Mientras trabajaba, se agolparon en su cabeza múltiples interrogantes, sobre todo uno que lo acechaba y atormentaba siempre en los momentos de tranquilidad: ¿por qué habían permitido que Palestrina llegara a ser quien era; por qué él había sido incapaz de hacer algo al respecto?
¿Por qué no había solicitado una reunión privada con el Santo Padre o enviado una carta confidencial al Colegio de Cardenales explicando lo sucedido, y lo que estaba a punto de ocurrir, para que lo ayudaran a impedirlo?
Por desgracia ya conocía las respuestas a estas preguntas, pues se las había planteado muchas veces. Por un lado, el Santo Padre era anciano y sentía devoción por su secretario de Estado, por lo que jamás permitiría que se dijera algo en contra de él. ¿Y quién presidía el Colegio de Cardenales sino el propio Palestrina? El secretario de Estado era una persona muy respetada que contaba con aliados en todas partes. Si lo acusasen de un delito semejante, sus seguidores tacharían la historia de disparate o la recibirían con enojo, como si se tratara de una herejía.

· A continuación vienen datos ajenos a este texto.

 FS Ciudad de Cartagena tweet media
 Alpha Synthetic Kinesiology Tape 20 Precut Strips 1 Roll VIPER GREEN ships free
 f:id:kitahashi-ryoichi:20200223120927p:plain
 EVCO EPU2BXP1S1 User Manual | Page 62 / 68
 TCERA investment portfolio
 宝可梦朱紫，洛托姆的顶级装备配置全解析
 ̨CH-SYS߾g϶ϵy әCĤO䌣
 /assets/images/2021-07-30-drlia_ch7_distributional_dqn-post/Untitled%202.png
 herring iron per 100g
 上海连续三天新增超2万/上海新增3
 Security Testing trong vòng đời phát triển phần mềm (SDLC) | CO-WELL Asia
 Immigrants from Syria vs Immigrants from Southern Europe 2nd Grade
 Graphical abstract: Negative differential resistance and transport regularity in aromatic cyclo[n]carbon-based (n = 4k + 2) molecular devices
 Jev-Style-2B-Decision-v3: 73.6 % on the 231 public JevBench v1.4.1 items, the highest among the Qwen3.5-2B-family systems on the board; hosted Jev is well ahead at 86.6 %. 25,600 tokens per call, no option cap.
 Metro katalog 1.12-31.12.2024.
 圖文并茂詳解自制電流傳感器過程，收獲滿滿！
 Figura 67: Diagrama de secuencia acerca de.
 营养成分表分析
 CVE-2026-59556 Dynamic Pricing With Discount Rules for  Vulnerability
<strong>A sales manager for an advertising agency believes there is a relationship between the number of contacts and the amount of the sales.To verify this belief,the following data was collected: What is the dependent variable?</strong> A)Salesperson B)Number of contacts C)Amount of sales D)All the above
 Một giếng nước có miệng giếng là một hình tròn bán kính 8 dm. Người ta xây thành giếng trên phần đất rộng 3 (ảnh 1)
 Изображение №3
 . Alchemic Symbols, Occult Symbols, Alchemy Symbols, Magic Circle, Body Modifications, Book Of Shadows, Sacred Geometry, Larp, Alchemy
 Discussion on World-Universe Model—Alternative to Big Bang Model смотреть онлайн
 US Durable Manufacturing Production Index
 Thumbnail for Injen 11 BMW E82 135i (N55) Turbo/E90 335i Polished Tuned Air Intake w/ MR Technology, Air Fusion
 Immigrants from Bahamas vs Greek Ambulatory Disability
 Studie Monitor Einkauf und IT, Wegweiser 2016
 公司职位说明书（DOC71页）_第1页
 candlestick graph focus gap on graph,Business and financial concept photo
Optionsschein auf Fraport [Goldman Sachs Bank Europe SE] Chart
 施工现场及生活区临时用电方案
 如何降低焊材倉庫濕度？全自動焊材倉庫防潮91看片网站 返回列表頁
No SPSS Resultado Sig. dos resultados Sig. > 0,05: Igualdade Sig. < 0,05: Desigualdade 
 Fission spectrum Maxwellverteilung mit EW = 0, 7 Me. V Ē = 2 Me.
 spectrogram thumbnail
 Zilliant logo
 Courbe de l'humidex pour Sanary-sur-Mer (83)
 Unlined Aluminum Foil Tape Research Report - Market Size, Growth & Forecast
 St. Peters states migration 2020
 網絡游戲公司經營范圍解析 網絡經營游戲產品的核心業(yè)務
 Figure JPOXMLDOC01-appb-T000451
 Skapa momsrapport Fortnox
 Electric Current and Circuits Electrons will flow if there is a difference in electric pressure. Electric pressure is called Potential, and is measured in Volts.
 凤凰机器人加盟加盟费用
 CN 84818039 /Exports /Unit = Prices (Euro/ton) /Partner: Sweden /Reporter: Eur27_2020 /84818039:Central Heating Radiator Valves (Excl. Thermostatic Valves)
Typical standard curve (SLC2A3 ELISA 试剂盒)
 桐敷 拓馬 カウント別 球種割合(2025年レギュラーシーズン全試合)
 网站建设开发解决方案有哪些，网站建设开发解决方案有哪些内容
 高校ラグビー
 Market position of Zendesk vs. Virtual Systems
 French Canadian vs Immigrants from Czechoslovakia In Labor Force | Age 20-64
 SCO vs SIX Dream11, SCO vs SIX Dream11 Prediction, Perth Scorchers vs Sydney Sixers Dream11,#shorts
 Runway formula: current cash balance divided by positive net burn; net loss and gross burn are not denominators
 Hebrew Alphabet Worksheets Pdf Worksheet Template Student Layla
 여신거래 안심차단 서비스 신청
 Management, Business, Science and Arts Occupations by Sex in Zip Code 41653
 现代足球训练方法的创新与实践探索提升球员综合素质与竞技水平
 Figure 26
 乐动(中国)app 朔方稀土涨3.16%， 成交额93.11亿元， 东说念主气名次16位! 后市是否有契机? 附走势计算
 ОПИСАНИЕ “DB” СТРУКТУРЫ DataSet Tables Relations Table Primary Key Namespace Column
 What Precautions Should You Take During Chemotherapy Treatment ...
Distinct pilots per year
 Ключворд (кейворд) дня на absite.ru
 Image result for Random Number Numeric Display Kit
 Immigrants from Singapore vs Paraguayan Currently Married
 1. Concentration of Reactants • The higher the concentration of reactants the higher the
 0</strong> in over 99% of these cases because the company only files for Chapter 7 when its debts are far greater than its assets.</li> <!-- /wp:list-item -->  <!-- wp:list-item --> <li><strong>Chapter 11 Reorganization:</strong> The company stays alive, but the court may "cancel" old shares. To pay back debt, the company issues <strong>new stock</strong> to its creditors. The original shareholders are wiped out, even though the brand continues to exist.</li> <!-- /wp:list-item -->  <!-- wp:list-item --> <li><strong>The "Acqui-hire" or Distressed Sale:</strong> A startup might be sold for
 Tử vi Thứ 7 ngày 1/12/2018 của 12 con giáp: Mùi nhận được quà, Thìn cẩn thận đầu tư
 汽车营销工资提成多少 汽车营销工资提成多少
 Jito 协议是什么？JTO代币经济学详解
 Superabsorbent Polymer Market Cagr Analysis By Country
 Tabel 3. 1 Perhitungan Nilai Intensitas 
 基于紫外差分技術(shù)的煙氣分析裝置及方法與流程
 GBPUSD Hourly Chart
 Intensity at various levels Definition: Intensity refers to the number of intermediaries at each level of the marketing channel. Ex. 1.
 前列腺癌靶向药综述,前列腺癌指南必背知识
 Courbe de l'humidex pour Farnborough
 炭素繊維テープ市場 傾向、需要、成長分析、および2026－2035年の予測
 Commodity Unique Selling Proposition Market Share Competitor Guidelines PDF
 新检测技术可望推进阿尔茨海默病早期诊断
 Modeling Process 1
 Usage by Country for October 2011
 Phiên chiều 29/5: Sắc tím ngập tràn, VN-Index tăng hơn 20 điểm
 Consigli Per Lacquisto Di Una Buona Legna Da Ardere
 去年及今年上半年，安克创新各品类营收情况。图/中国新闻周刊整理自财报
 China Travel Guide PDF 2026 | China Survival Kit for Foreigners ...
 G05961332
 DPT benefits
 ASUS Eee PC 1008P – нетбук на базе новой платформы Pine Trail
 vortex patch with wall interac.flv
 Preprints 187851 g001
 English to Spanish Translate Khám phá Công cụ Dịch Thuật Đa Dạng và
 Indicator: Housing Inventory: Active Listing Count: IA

La amenaza de Palestrina de atribuir a Marsciano el asesinato del cardenal Parma a causa de un sórdido asunto amoroso todavía complicaba más la situación. ¿Cómo se defendería Marsciano de semejante mentira ante el Papa y los cardenales? Era imposible, Palestrina tenía todas las cartas en la mano y podía manipularlas a su antojo.
La cuestión adquiría mayor complejidad si se tenía en cuenta que lo sucedido se había fraguado en la intimidad del círculo más cercano al Papa como respuesta a la petición del Pontífice de encontrar un medio de expandir la influencia de la Iglesia en el siglo XXI. Se habían realizado numerosos estudios y propuestas hasta que Palestrina presentó la suya, con todo lujo de detalles. En ese momento, tanto Marsciano como el resto de los hombres de confianza del Santo Padre lo habían tomado a broma, pero no lo era.
Sólo el cardenal Parma se opuso abiertamente a la idea, los demás -monseñor Capizzi y el cardenal Matadi- habían guardado silencio. A Marsciano no debió haberle sorprendido la reacción de los consejeros. Resultaba evidente que Palestrina los había estudiado a todos. Parma, de la vieja escuela, conservador e inflexible, jamás habría aprobado la idea, pero Capizzi, graduado en Oxford y Yale y responsable del Banco del Vaticano y, Matadi, prefecto de la Congregación de Obispos, cuya familia figuraba entre las más influyentes del Congo, eran muy diferentes. Ambos dominaban la política y no habían llegado tan lejos por casualidad. Ambiciosos y astutos, los dos contaban con un considerable número de seguidores en el seno de la Iglesia y tanto uno como otro tenían la vista puesta en el papado. Sabían que a Palestrina no le interesaba este cargo, pero que en su mano estaba que uno de ellos lo ocupara.
Marsciano era una persona de todo punto diferente que había llegado hasta la cima no sólo gracias a su inteligencia y apoliticismo, sino porque en el fondo era un simple sacerdote que creía en la Iglesia y en Dios; un inocente incapaz de concebir que existiera un hombre como Palestrina en el seno de la Iglesia moderna, de modo que resultaba fácil convertir su fe en un instrumento para manipularlo.
De súbito Marsciano golpeó la mesa con el puño; estaba furioso por haber sido tan débil e ingenuo, incluso piadoso. Si su furia se hubiera despertado antes, tal vez habría logrado hacer algo, pero ya era demasiado tarde. El Santo Padre había delegado en Palestrina el control del Vaticano y la única voz que se opuso a él, la del cardenal Parma, se había visto silenciada. Capizzi y Matadi habían jurado fidelidad a su líder, y Marsciano se encontraba atrapado por la esencia de su propio carácter. Como resultado, Palestrina había tomado las riendas y había puesto en marcha una pesadilla imparable. Sólo les quedaba aguardar que llegara el calor del verano chino.